Telles sont, aussi fidèlement qu’il m’est possible de les indiquer sommairement, les lignes générales du travail de M. de La Rive. J’ai dit que sa solution n’était pas complète ; je ne pense pas, sous ce rapport, à l’hypothèse primitive sur la constitution de nos nerfs ; car il semble difficile d’aller plus loin de ce côté, d’ici longtemps, et ce n’est pas en tout cas un mince progrès que d’avoir énoncé une hypothèse simple, précise et en même temps générale, qui suffit à l’analyse scientifique de deux notions aussi distinctes que celles de l’espace et de la couleur. Mais il est évident que, si la solution de M. de La Rive est relativement très satisfaisante dans l’hypothèse réaliste, c’est-à-dire s’il nous explique bien comment, l’espace existant, nous arrivons à le percevoir, elle devrait être reprise sous une autre forme dans l’hypothèse idéaliste. Au reste, sous ce rapport, tous les essais relatifs à la genèse de la notion d’espace laissent jusqu’à présent plus ou moins à désirer. Le problème est incontestablement difficile ; il devrait d’autant plus tenter quelque penseur ; car il est évident que si l’on parvient, dans l’hypothèse réaliste, à des explications approfondies et instructives, on ne peut se contenter de dire, dans le camp opposé, que l’espace est la forme a priori du sens extérieur. Il faut entrer dans le détail.

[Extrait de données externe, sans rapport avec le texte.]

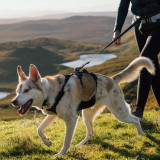 Ruffwear Ridgeline harness high performance dog harness with X-Pac shell on dog
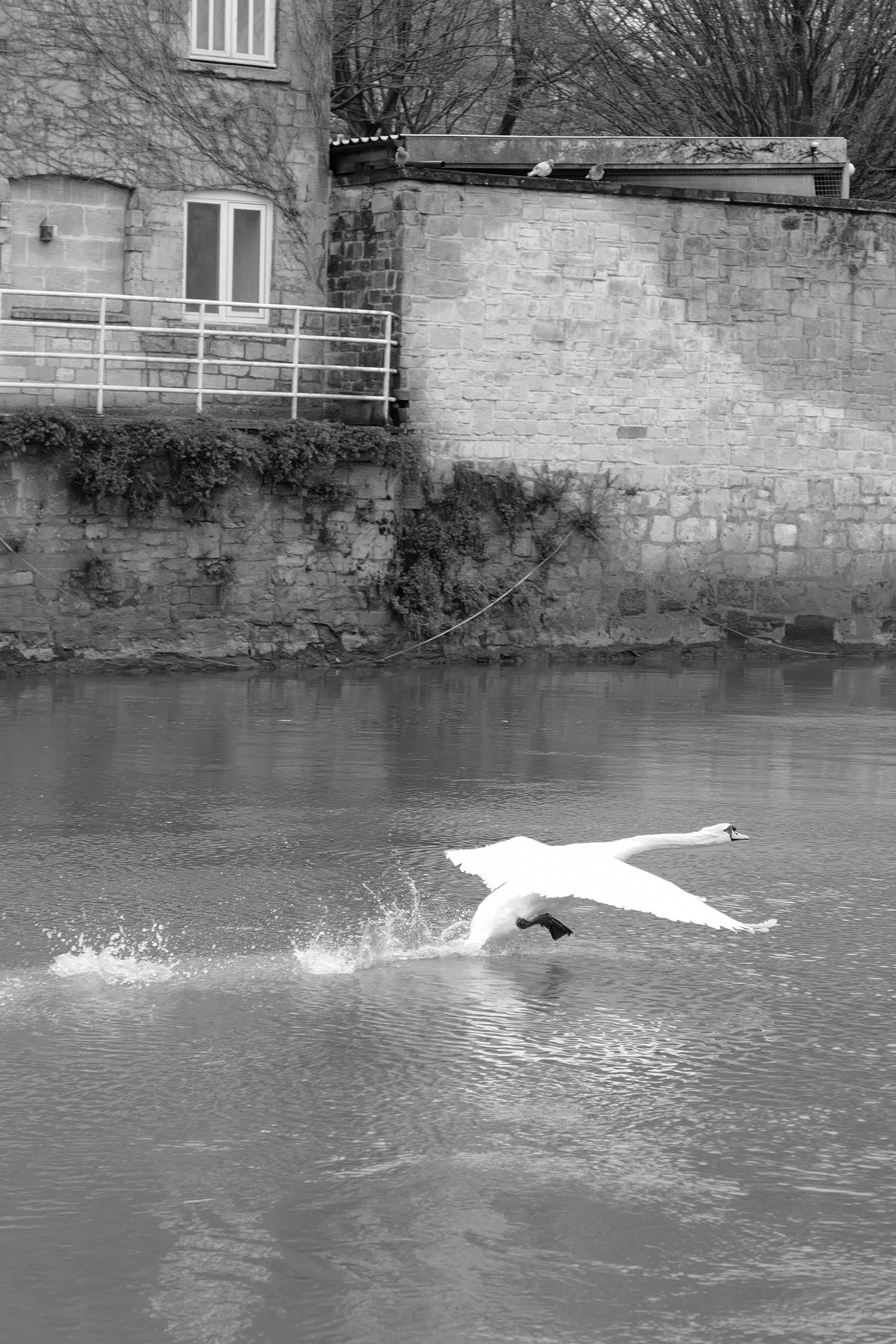 A photo taken on a Leica Q3 Monochrom black-and-white camera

J’ai une autre observation à faire au sujet du mémoire de M. de La Rive. Si pour un exposé rationnel de ses principes, axiomes et postulats, la géométrie devait, ce qui d’ailleurs n’est pas prouvé, suivre l’ordre de la genèse psychologique de ses notions fondamentales, il s’ensuivrait que l’on devrait commencer par la théorie de la sphère et ne passer qu’ensuite à l’étude de la droite et du plan. Or cette marche vient d’être systématiquement suivie par M. Calinon[1], dans une étude où il est arrivé, par là même, à des remarques neuves et qui ont une relation étroite avec certaines conclusions de M. de La Rive. Mais je dois pour le moment ajourner ce sujet, qui m’entraînerait trop loin ; car j’ai encore aujourd’hui à parler assez longuement de psychophysique.

III. — Avant de revenir, une fois de plus, sur la question toujours ouverte de la loi de Weber, on m’accordera peut-être de vider une petite affaire personnelle.

Ma précédente Revue générale a provoqué de la part de M. G. Sorel une lettre qui a été insérée dans le numéro d’avril 1888. Les observations bienveillantes, et d’ailleurs fort justes, que contenait cette lettre, n’étaient pas de nature à faire attendre une réponse de ma part. Toutefois il est un point sur lequel mon silence pourrait être à tort regardé comme un acquiescement.

  1. Etude sur la sphère, la ligne droite et le plan, Nancy, Berger-Levrault, 1888. 49 pages in-8o.